If your reconstructor does not align with one of the built-in enum entries, override build_reconstructor in a task subclass to instantiate it explicitly.
from ptychi.api.task import PtychographyTask
from ptychi.data_structures.parameter_group import PtychographyParameterGroup
from .reconstructors.my_algorithm import MyAlgorithmReconstructor
class MyAlgorithmTask(PtychographyTask):
def build_reconstructor(self):
parameter_group = PtychographyParameterGroup(
object=self.object,
probe=self.probe,
probe_positions=self.probe_positions,
opr_mode_weights=self.opr_mode_weights,
)
self.reconstructor = MyAlgorithmReconstructor(
parameter_group=parameter_group,
dataset=self.dataset,
options=self.reconstructor_options,
)
self.reconstructor.build()
This arrangement keeps the underlying tensor layouts, buffer management, and device handling provided by Pty-chi while letting you plug in new optimisation strategies.
Documenting and testing your extension
- Mirror the option schema in your README so users know how to configure the new algorithm.
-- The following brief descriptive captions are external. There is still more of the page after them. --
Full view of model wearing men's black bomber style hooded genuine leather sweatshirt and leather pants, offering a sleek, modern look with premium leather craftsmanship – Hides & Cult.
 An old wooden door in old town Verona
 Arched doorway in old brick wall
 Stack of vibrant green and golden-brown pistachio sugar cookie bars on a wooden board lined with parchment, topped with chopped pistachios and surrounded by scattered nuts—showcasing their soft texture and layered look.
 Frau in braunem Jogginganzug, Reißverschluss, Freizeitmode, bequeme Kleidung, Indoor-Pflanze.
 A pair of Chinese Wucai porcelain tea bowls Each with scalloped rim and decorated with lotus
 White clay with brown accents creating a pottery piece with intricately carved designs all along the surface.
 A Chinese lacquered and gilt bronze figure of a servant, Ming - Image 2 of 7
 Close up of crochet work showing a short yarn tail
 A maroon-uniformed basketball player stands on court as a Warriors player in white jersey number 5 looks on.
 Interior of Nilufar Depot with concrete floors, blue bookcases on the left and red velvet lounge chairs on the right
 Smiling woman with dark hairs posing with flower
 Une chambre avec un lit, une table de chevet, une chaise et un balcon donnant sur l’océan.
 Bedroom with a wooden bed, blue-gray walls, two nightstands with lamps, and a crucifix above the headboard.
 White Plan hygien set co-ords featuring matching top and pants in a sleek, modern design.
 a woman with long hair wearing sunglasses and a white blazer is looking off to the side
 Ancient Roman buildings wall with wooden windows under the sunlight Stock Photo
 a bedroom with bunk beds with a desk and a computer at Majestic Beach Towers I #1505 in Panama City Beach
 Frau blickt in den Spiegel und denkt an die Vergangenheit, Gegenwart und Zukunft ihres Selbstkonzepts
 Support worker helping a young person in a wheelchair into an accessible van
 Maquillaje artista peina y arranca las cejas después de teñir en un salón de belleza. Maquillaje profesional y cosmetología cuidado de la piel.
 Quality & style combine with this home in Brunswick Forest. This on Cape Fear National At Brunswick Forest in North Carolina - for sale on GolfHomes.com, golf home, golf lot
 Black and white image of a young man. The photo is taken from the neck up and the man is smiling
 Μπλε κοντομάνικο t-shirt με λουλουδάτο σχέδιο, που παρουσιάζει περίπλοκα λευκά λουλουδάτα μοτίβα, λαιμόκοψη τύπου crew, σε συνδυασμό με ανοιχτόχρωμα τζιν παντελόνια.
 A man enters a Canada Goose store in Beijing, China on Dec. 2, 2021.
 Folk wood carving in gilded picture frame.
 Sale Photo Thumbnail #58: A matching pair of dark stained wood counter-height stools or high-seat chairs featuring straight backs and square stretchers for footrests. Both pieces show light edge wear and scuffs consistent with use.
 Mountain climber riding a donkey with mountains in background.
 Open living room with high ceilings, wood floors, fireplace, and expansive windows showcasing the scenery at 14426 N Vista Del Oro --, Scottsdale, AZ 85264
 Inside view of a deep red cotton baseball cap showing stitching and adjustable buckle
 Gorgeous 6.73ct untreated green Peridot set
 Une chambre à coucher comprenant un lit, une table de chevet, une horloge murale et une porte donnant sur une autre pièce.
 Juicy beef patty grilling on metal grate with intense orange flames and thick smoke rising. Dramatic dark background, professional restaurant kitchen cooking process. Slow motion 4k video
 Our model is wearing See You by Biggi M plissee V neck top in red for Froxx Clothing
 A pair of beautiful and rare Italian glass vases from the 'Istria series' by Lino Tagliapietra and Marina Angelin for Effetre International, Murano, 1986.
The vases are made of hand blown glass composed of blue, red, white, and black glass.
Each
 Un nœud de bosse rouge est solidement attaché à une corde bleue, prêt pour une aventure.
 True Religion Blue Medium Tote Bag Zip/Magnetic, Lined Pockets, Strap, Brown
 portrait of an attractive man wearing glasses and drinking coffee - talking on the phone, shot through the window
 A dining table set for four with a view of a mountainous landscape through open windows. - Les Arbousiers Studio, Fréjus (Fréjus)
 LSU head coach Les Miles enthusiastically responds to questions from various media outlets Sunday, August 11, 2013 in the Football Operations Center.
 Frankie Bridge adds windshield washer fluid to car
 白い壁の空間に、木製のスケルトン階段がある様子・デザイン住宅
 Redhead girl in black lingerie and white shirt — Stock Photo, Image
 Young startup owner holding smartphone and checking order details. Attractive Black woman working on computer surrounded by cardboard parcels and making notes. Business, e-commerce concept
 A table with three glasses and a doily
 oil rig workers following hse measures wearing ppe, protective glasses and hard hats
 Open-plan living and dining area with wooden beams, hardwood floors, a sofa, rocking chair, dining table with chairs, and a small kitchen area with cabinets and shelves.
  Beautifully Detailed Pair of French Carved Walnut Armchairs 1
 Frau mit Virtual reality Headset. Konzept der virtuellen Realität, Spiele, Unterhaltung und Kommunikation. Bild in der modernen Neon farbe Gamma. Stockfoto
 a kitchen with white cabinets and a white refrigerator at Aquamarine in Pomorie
- Provide example scripts that construct
MyAlgorithmTaskOptions, load data, and run a reconstruction end-to-end. - Reuse Pty-chi factories (
ptychi.maps.*) wherever possible rather than reimplementing low-level utilities. - Set up unit tests that import your package alongside the pinned Pty-chi version and cover both successful runs and expected failures.
When to change Pty-chi directly
- Bug fixes, documentation improvements, and new extension hooks belong in this repository.
- Breaking API changes should be discussed with maintainers before opening a pull request.
- Large algorithmic additions should be upstreamed only after they stabilise in an external package and gain broad adoption.
By developing new methods in companion repositories, you help keep Pty-chi maintainable and reliable while still making advanced capabilities available to the community.